The Reggie Dunlop character is based, in part, on former Eastern Hockey League Long Island Ducks player/coach John Brophy, who receives homage by his last name being used for the drunken center of the Hyannisport Presidents. Coincidentally, Brophy would later coach Dave Hanson, who played Jack Hanson, with the Birmingham Bulls in 1978.

In one scene announcer Jim Carr remarks that Ned Braden is "a college graduate ... and an American citizen!" – both unusual distinctions for a pro hockey player of the time. In real life, Michael Ontkean played hockey for and graduated from the University of New Hampshire in 1970.

Syracuse Bulldogs rookie goon Ogie Ogilthorpe, who was mentioned throughout the film but never actually seen until the final playoff game, was based on longtime minor-league goon Bill "Goldie" Goldthorpe. Like Ogie Ogilthorpe, Goldie Goldthorpe is also infamous for his rookie season in professional hockey (1973) when as a member of the Syracuse Blazers he amassed 25 major fighting penalties before Christmas.

The Blades in the film were based on the Broome Dusters. One scene in the film was specifically drawn from events that occurred in Binghamton, New York. In the movie the Hanson brothers wear black-rimmed, Coke-bottle eyeglasses, and in one game get into a fight immediately after the opening faceoff; in reality, both Jeff and Steve Carlson did wear that style of glasses, and did indeed get into a long fight right after an opening faceoff. Coach Dick Roberge:

A scene in the film shows the Hanson brothers jumping the Peterborough Patriots during pre-game warm-ups. This is based on events in a mid-'70s North American Hockey League playoff series between the Johnstown Jets and the Buffalo Norsemen. The Jets had a black player on their roster, and during a playoff game held in North Tonawanda, New York (a northern suburb of Buffalo where the Norsemen played their home games), a Norsemen fan held up a derogatory sign stating that blacks should be playing basketball. The next game in the series was held in Johnstown, and the Jets retaliated by attacking the Norsemen players during the warm-ups, with a huge brawl erupting.  The Norsemen players and coaches then returned to the dressing room and refused to come out to start the game.  The game was awarded to the Jets by forfeit, as was the playoff series since the "win" gave the Jets the needed number of victories to capture the series.

Another scene is also based on a real-life event. In the film Jeff Hanson scores a goal and is hit in the face by a set of keys thrown by a fan. The Hansons then go into the stands after the fan and Jeff Hanson punches out the wrong fan. After the game the Hansons are arrested for the incident. In real life a similar incident occurred in Utica, New York, in a game between the Johnstown Jets and the Mohawk Valley Comets. Jeff Carlson was hit in the face by a cup of ice thrown by a Utica fan and went into the stands after the fan with brothers Jack and Steve. All three were arrested and Dave Hanson gathered the money for bail for the Carlson brothers.

Reception
The film was a moderate hit upon release, grossing $28,000,000 over its theater run, which placed it at #21 among movies released in 1977 and well below the grosses of Paul Newman's three previous wide-release films: The Towering Inferno, The Sting, and Butch Cassidy and the Sundance Kid, which all grossed over $100 million.

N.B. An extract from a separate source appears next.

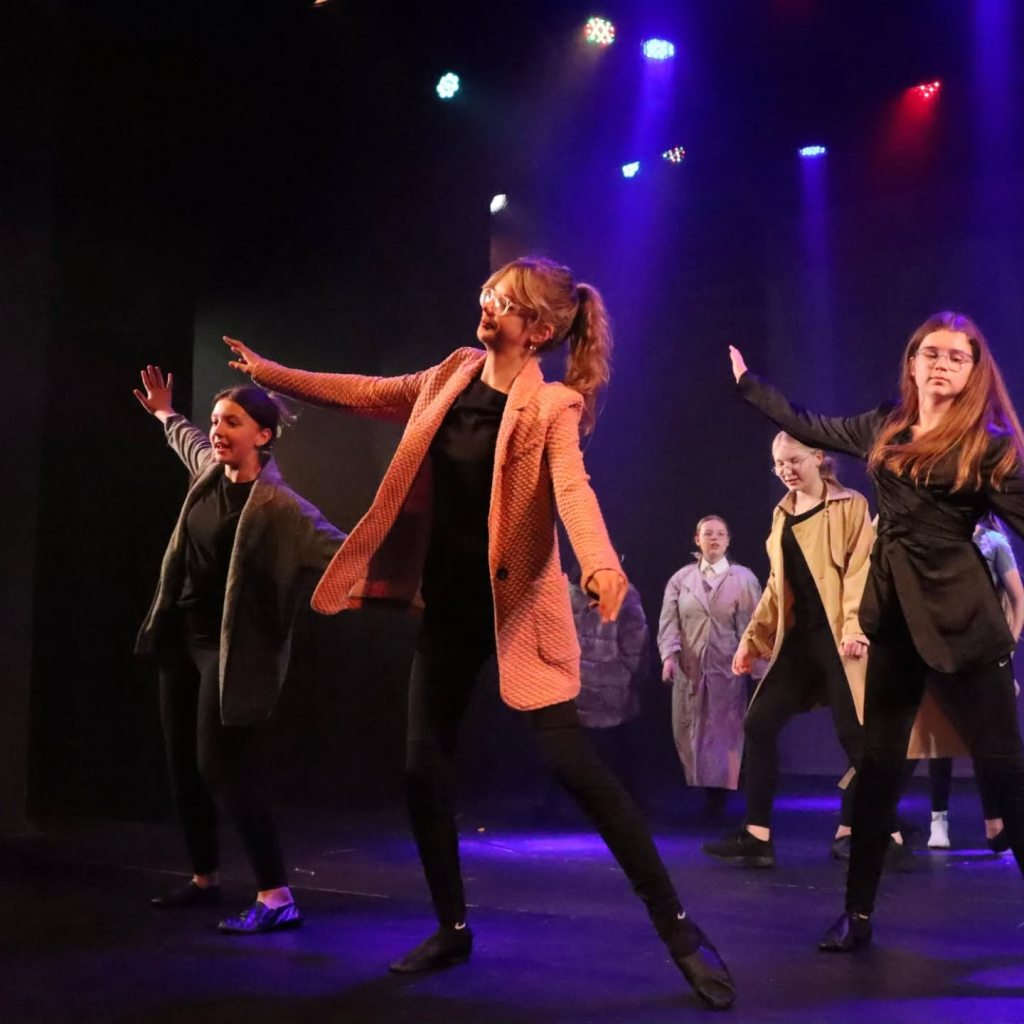 Students performing in annie production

Variety wrote that "director George Roy Hill is ambivalent on the subject of violence in professional ice hockey. Half the time Hill invites the audience to get off on the mayhem, the other half of the time he decries it. You can't really have it both ways, and this compromise badly mars the handsomely made Universal release, produced by Robert Wunsch and Stephen Friedman." Vincent Canby of The New York Times described the performances as "impeccable" and thought the film had "a kind of vitality to it," but found it "unfunny" and noted an "ambiguous" point of view with regard to violence. Kevin Thomas of the Los Angeles Times was negative, writing that since the "characters possess so little dimension and since we have so little opportunity to get to know and therefore care about them, their incessantly brutalizing behavior and talk can only seem exploitative in effect. What's more, in playing for laughs, Slap Shot gives the nasty impression of seeming to patronize both the players and their fans." Gary Arnold of The Washington Post wrote "Slap Shot comes at you like a boisterous drunk. At first glance it appears harmlessly funny, in an extravagantly foul-mouthed sort of way. However, there's a mean streak beneath the cartoon surface that makes one feel uneasy about humoring this particular drunk for too long." Tom Milne]of The Monthly Film Bulletin described it as "a film which, while deploring the incidence of violence in sport, does everything it possibly can to make the audience wallow in that violence."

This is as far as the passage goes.